Welcome, great life story.


----------



## yeatzee (Jan 5, 2010)

Fire away any questions you got


----------



## Katnapper (Jan 5, 2010)

Hello David, and welcome to the forum...



great to have you here!  Loved your story and I think you are doing the best thing possible... doing your homework/research before acquiring some soon-to-be lucky mantids. Browsing through past forum threads or doing forum searches for specific questions or items of interest is your best tool for learning lots before learning from experience. Being prepared makes all the difference too. Best of luck to you in your new hobby, and I look forward to seeing you around on the boards!


----------



## revmdn (Jan 5, 2010)

Welcome. I'm in Wallingford Pa, and my gf grew up in Morrisville.


----------



## Mantibama (Jan 5, 2010)

Great introduction and very nice to meet you David. Enjoy the community!


----------



## Rick (Jan 6, 2010)

Welcome. Great story.


----------



## ismart (Jan 6, 2010)

Welcome to the forum!


----------



## kamakiri (Jan 6, 2010)

Welcome! Sounds like you'll fit right in!


----------



## PhilinYuma (Jan 6, 2010)

Welcome from Yuma!

You are giving yourself a great start by establishing yr setup and learning the basics before getting any mantids.


----------



## khabirun (Jan 6, 2010)

Welcome David, great introduction.


----------



## JohnCon (Jan 6, 2010)

Good Luck only wanting one! After reading this forum regularly your gonna want a bunch.


----------



## planetq (Jan 7, 2010)

Welcome to the forum-

Great story!


----------



## Eoullis (Jan 7, 2010)

Thanks for the warm welcome gang. I will have questions soon. I'm trying to answer the majority of them myself by reading the posts. So when I do have a question hopefully it will be one that hasn't been asked.

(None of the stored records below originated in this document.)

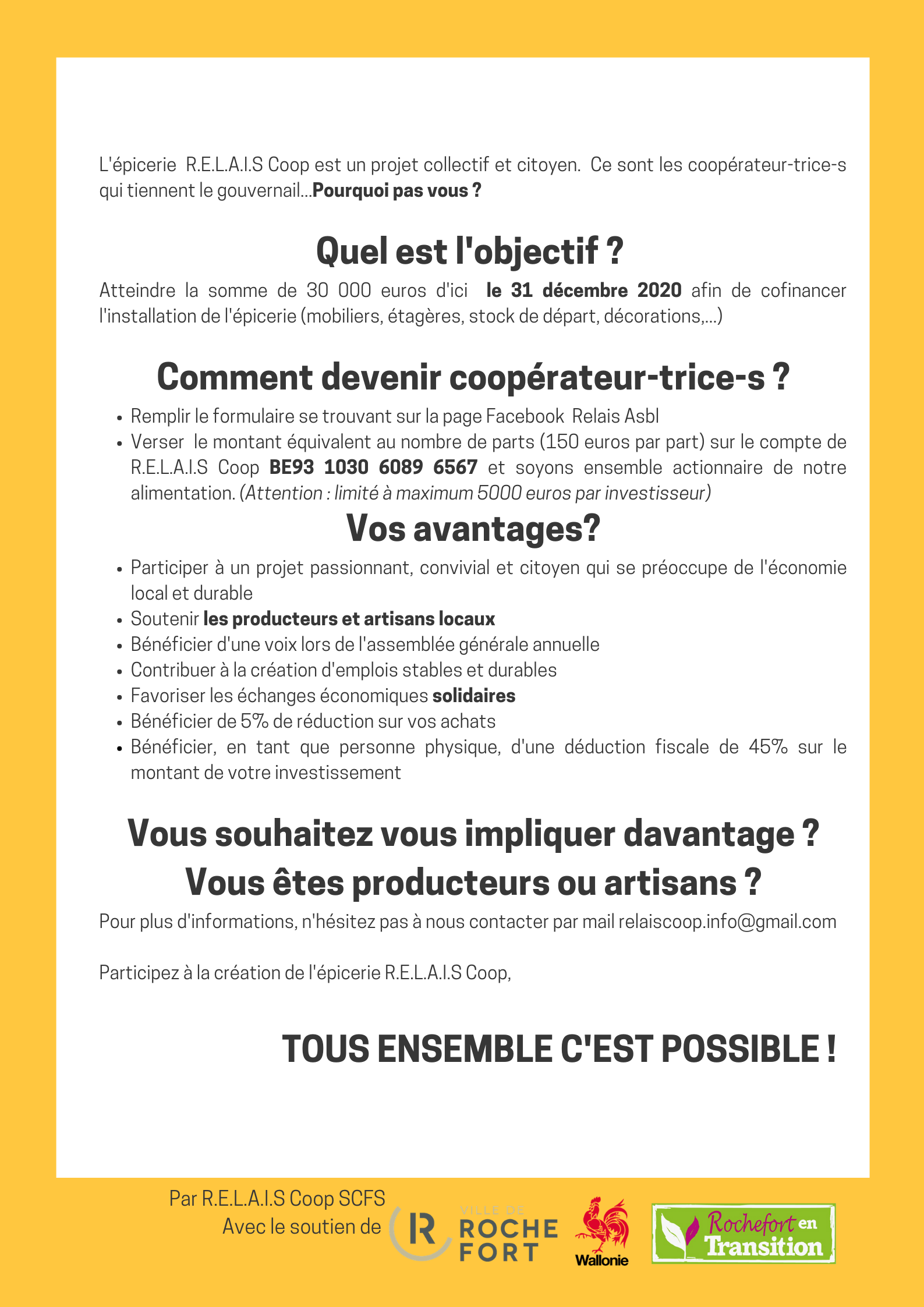 image Relais_coop_Affiche2.png (0.5MB)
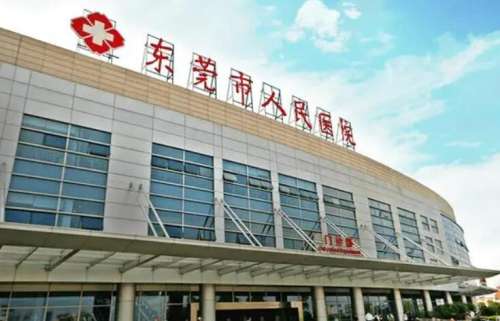 東莞哪家整形比較好？公布五家優(yōu)質(zhì)醫(yī)院！戳進(jìn)來看
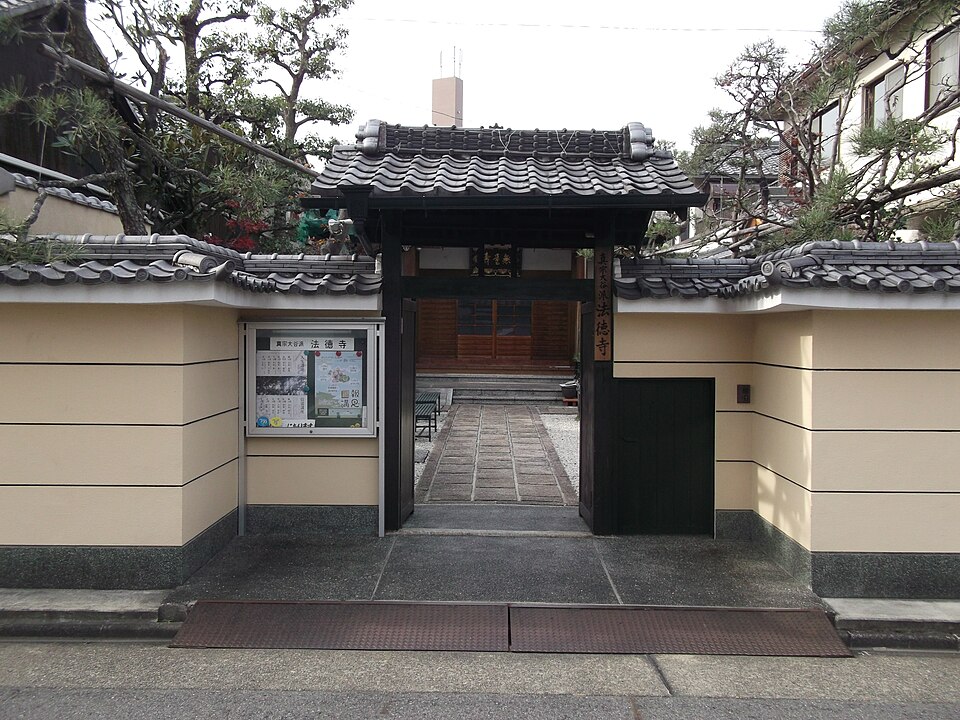 法徳寺（名古屋）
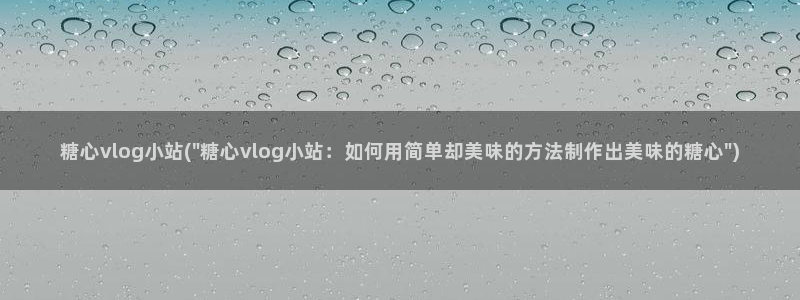 糖心vlgo视频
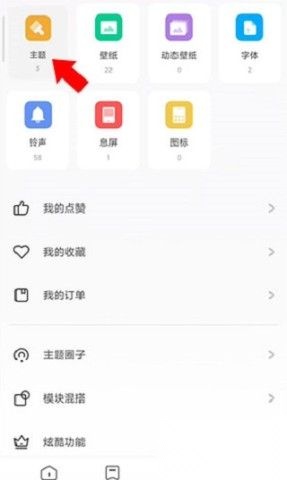 小米主题壁纸国际版（Themes） 第6张图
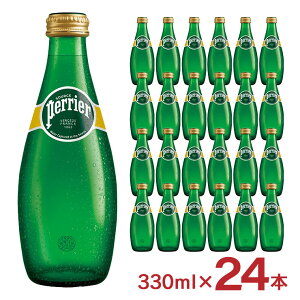 ミネラルウォーター 炭酸水 ペリエ 瓶 330ml 24本 Perrier 飲料 日仏貿易 炭酸 フランス 送料無料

Joe Cap..yer not that far from me when do I get an invite to come over for dinner..lol.


----------



## ZoeRipper (Jan 7, 2010)

Welcome!

Sorry for the late reply, just got my internet back lol.

Very nice introduction, and I gotta say I agree, good luck only wanting one!


----------



## Eoullis (Jan 7, 2010)

ZoeRipper said:


> Welcome!Sorry for the late reply, just got my internet back lol.
> 
> Very nice introduction, and I gotta say I agree, good luck only wanting one!


Yeah, I agree too. One does sound pretty silly. I've been pouring over the photos and reading about the different species and it's getting complicated..lol. Getting just one is not goin to happen.

If I may add it is so thrilling to see that a young woman like yourself is so into this stuff instead of keeping up the latest trends at the mall.

You, young missy, all by yourself give me great hope for the human race!


----------



## Katnapper (Jan 7, 2010)

Eoullis said:


> If I may add it is so thrilling to see that a young woman like yourself is so into this stuff instead of keeping up the latest trends at the mall.You, young missy, all by yourself give me great hope for the human race!


Hey.... what about us old broads?


----------



## PhilinYuma (Jan 7, 2010)

Katnapper said:


> Hey.... what about us old broads?


You're still a youngun to me, Katt! Stop by my place any time!


----------



## Katnapper (Jan 7, 2010)

PhilinYuma said:


> You're still a youngun to me, Katt! Stop by my place any time!


If I'm going anywhere close to Yuma, Arizona way... you can be sure I will!


----------



## Eoullis (Jan 7, 2010)

Katnapper said:


> Hey.... what about us old broads?


Lol....oh my what have I done..hehehe..

I love old broads in fact my wife is becoming one. (ouch that doens't sound right hope she doensn't see this) Youth can't touch experience with a 10 1/2 foot pole. In fact all you ol' broads out there are more than welcome to send me your nude pics..lol. (ouch! hope she doesn't see this one either.)

let me clarify. Folks my age (38) and up are the coolest. Its these young whippersnapers i worry about. The only thing they seem to be able to do with their hands is mash buttons. I was just impressed to see a youngster doing something other than texting and playing with apps and thought she deserved a tip of the ol' hat.

Let me repeat ol' broads rock...they rock hard!!


----------



## Katnapper (Jan 7, 2010)

Eoullis said:


> Let me repeat ol' broads rock...they rock hard!!


----------



## ZoeRipper (Jan 7, 2010)

Eoullis said:


> Yeah, I agree too. One does sound pretty silly. I've been pouring over the photos and reading about the different species and it's getting complicated..lol. Getting just one is not goin to happen.If I may add it is so thrilling to see that a young woman like yourself is so into this stuff instead of keeping up the latest trends at the mall.
> 
> You, young missy, all by yourself give me great hope for the human race!


I thought having 12 was alot.

Boy am I wrong.

What would I do if I only had one?

Go crazy, that's what.

And thank you very much, sir!

And you'll be happy to know I haven't been to the mall since back-to-school shopping in August.

(What a fiasco that turned out to be, my "back to school" lasted about a month!)


----------